● Aim of the task: Omit all pictures. Quote only the lines from the one with "Solved 3 Draw" through the end of the material below.

● Given data:
━━━━

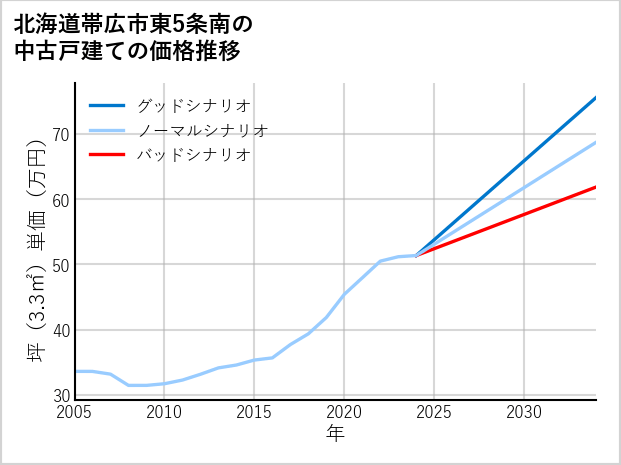 北海道帯広市東5条南の中古戸建て価格推移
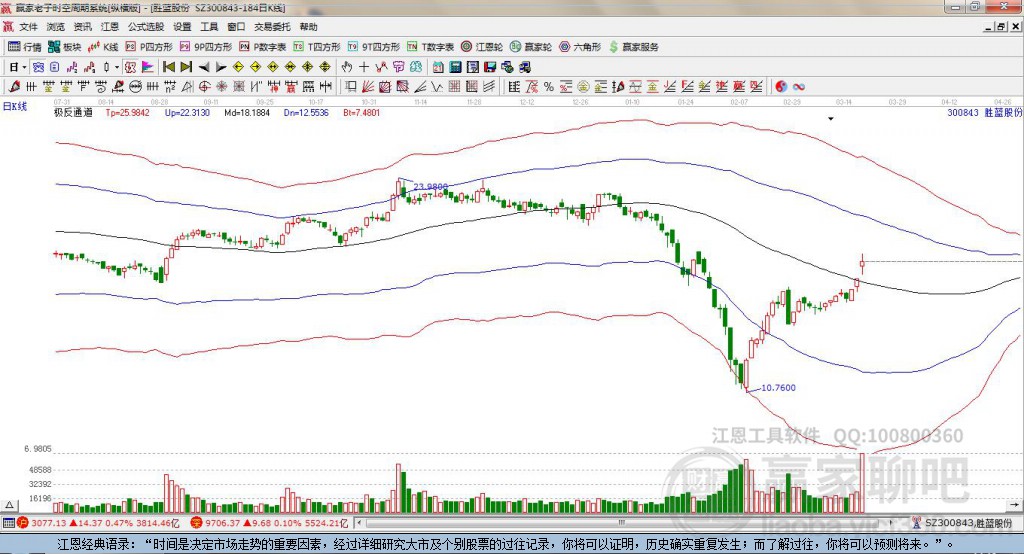 300843勝藍(lán)股份贏家極反通道工具 300843勝藍(lán)股份贏家極反通道工具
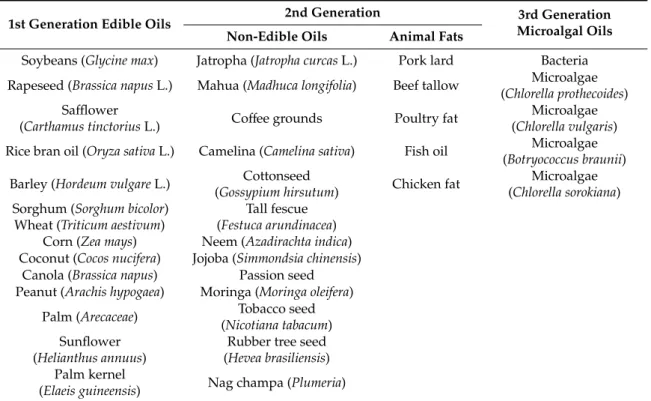 Table 3. Different generations of biodiesel and their feedstocks (adapted from [3]).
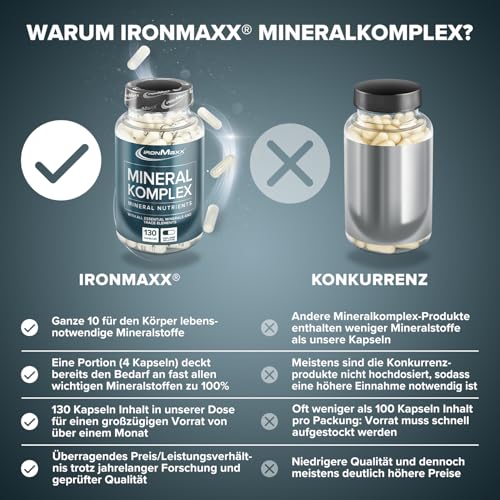Mineralkomplex Kapseln 130 Stk. - 10 wichtige Mineralien & Spurenelemente in einer Kapsel, Nahrungsergänzung zur Unterstützung ausgewogener Ernährung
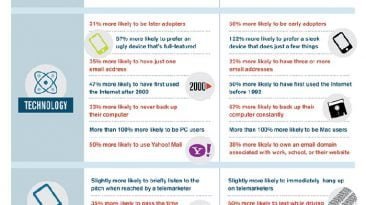 The original 2012 "Hunch" study infographic showing personality differences like leaders vs followers and introverts vs extroverts between iPhone and Android users.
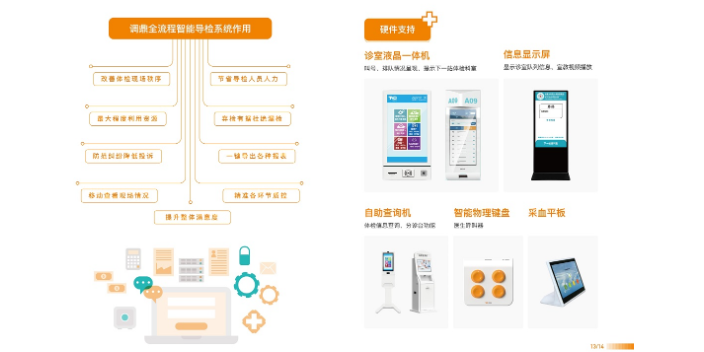 上海智能导检系统品牌排名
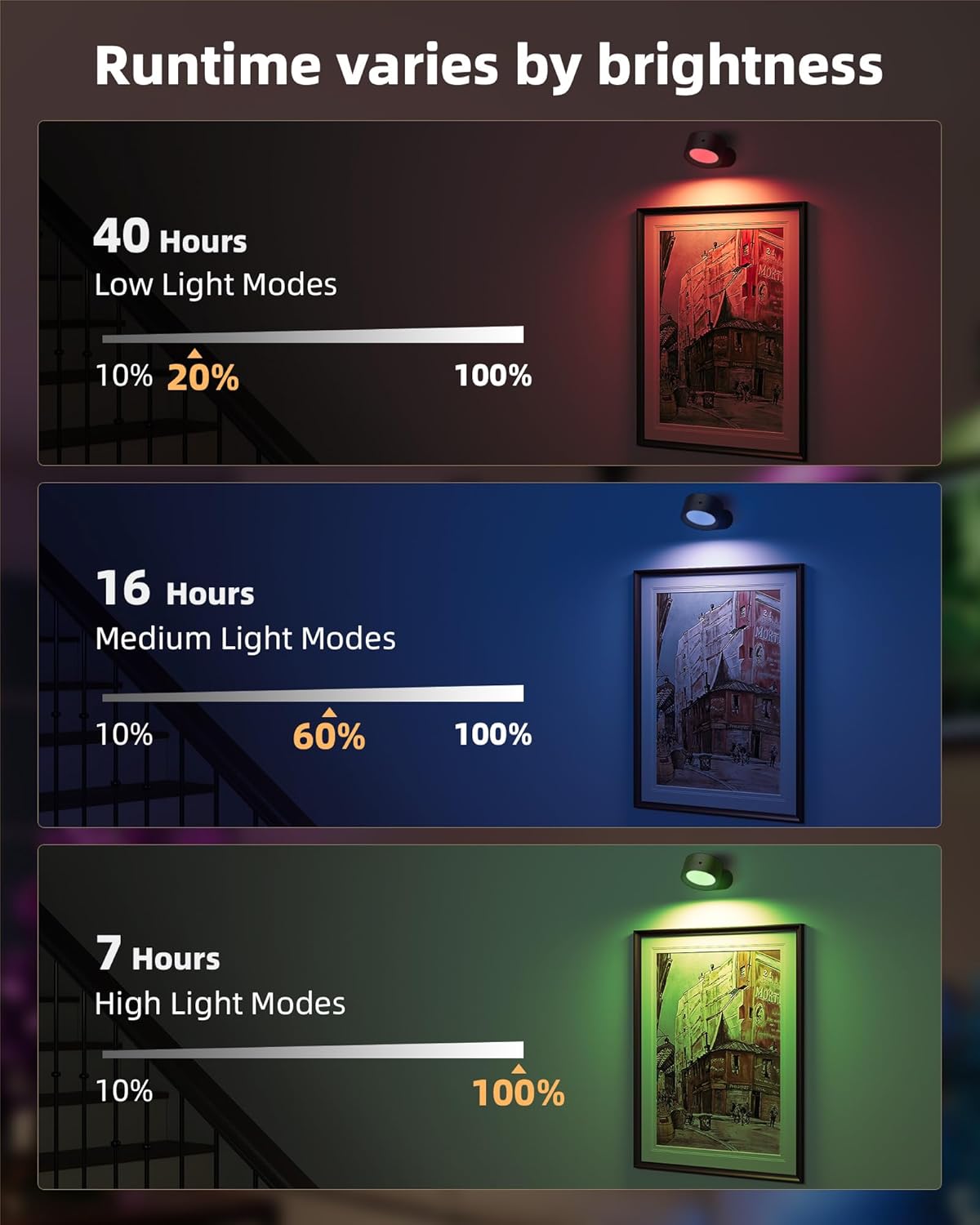 Wall Mounted Lights, 2 Pack Rechargeable RGB Color Changing Light, 3 Color Temps & Remote and Touch, 360°Rotation Dimmable Cordless for Study Bedroom Reading Bedside (Black)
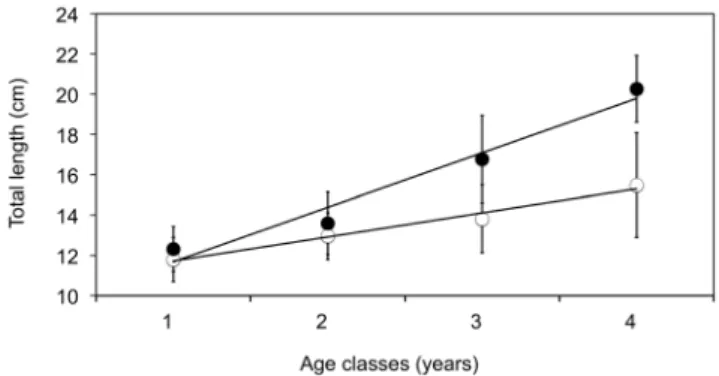Figure 4. Relationship between total length (cm) and age (otolith based, years) of polar cod
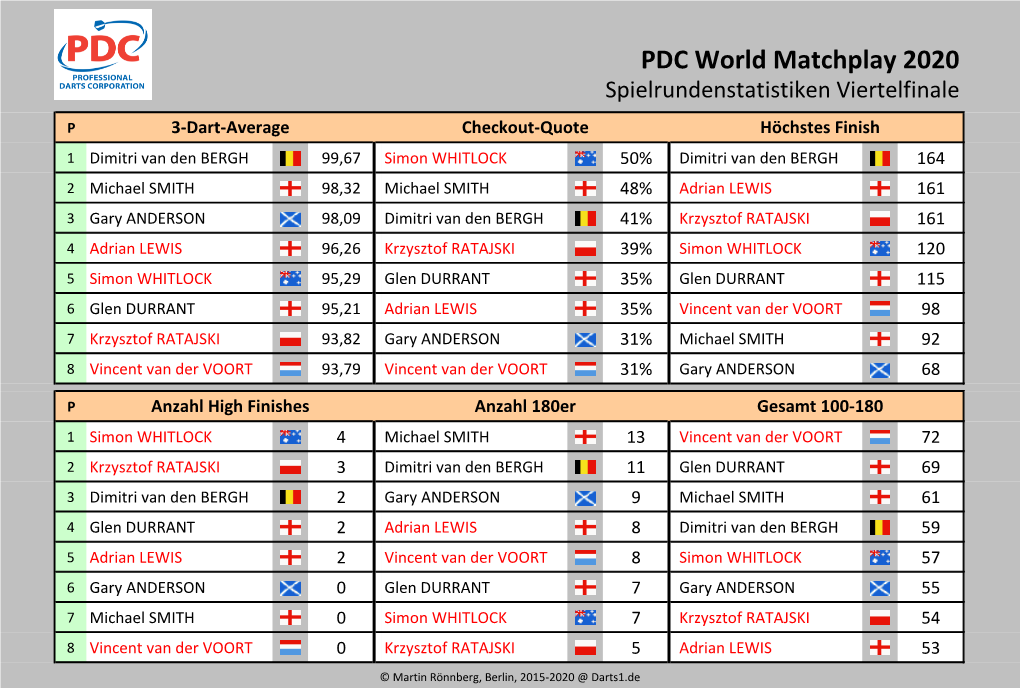 PDC World Matchplay 2020 Statistiken Viertelfinale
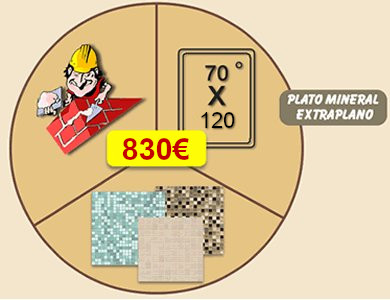 Cambio de bañera por plato de ducha de carga mineral más azulejos 720€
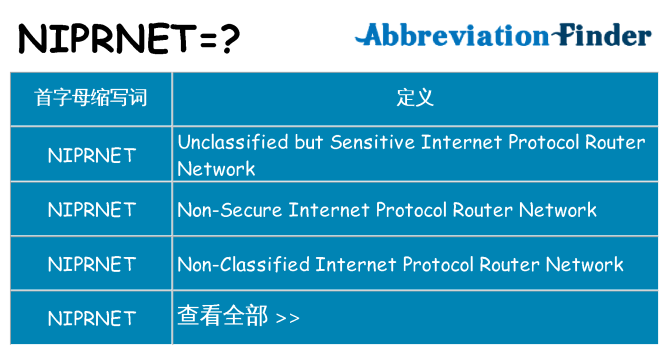 niprnet 代表什么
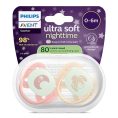 SCF094-02_Philips-Avent-Zalagalki-Ultra-Soft-NightTime_0-6m-momiche-opakovka-1792625688-klBx3b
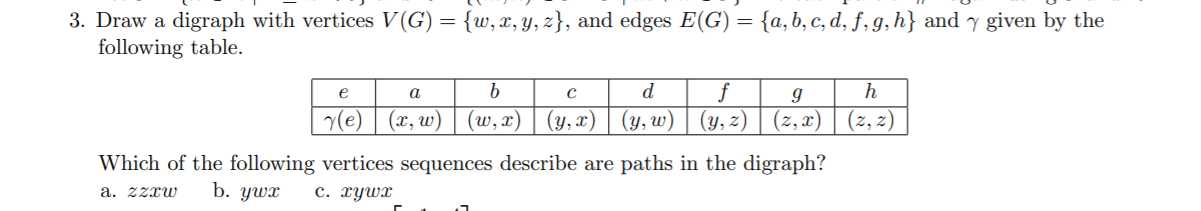 Solved 3 Draw A Digraph With Vertices Vg W R Y Z A Chegg Com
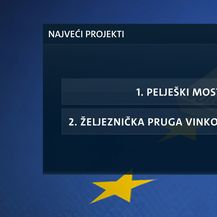 Video-zid Vjekoslava Đaića o povlačenju novca iz fondova Europske unije (Foto: Dnevnik.hr) - 1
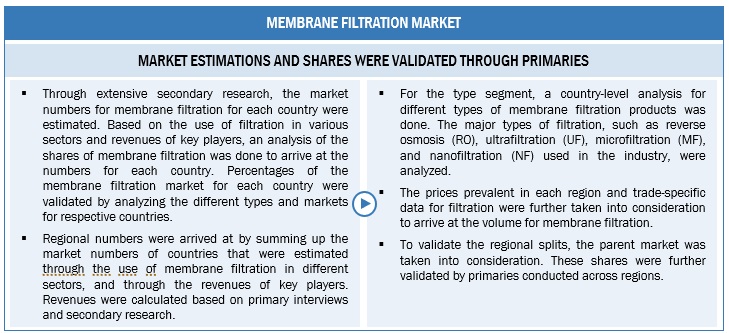 Membrane Filtration Market Size, and Share
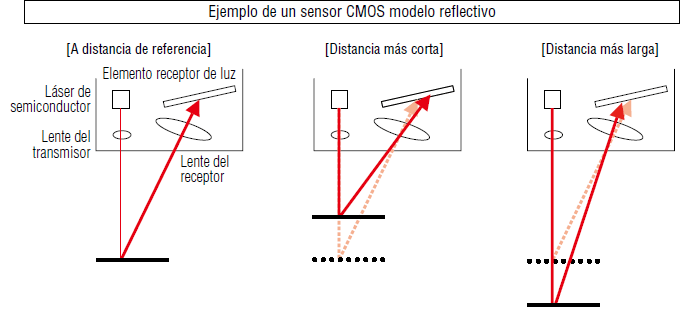 Sistema de triangulación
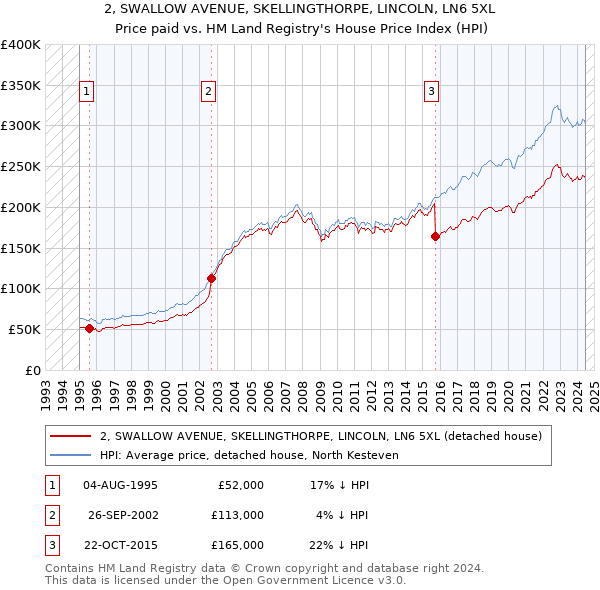 2, SWALLOW AVENUE, SKELLINGTHORPE, LINCOLN, LN6 5XL: Price paid vs HM Land Registry's House Price Index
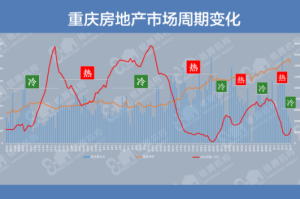 重庆疫情时间节点，从静默到复苏的历程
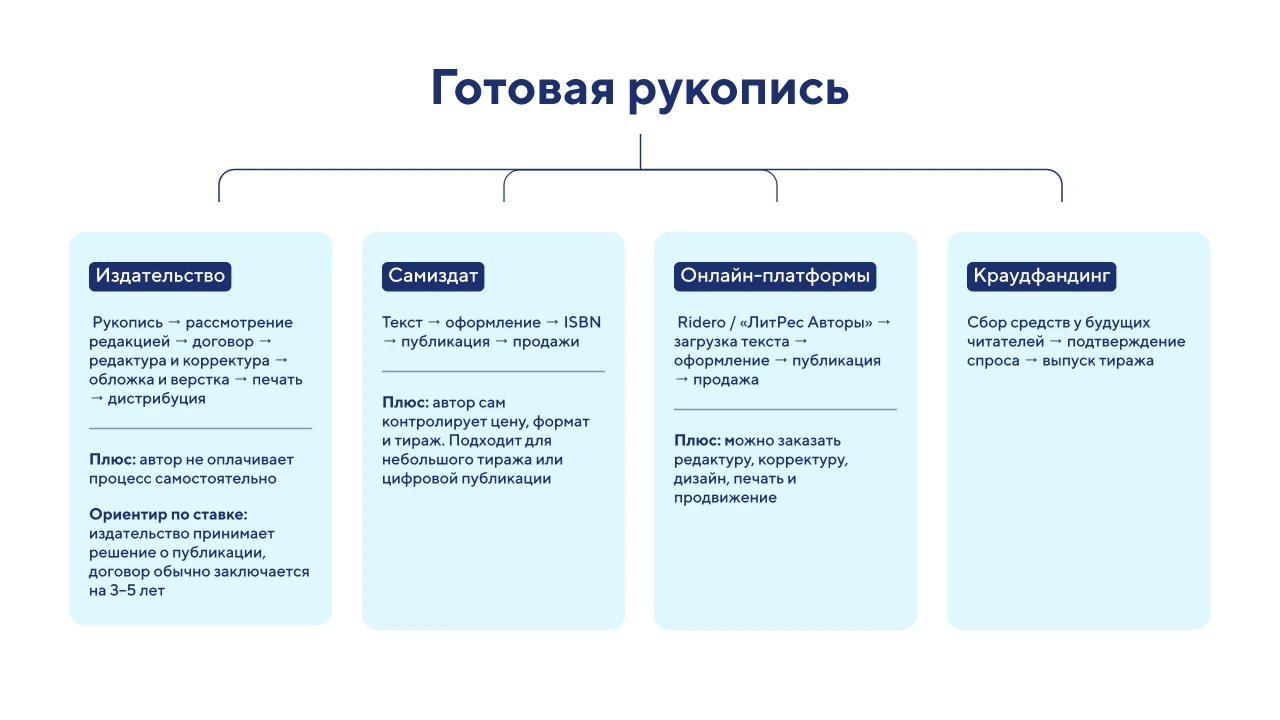 Основные способы издать книгу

━━━━

● Finished task:
 Solved 3 Draw A Digraph With Vertices Vg W R Y Z A Chegg Com
 Video-zid Vjekoslava Đaića o povlačenju novca iz fondova Europske unije (Foto: Dnevnik.hr) - 1
 Membrane Filtration Market Size, and Share
 Sistema de triangulación
 2, SWALLOW AVENUE, SKELLINGTHORPE, LINCOLN, LN6 5XL: Price paid vs HM Land Registry's House Price Index
 重庆疫情时间节点，从静默到复苏的历程
 Основные способы издать книгу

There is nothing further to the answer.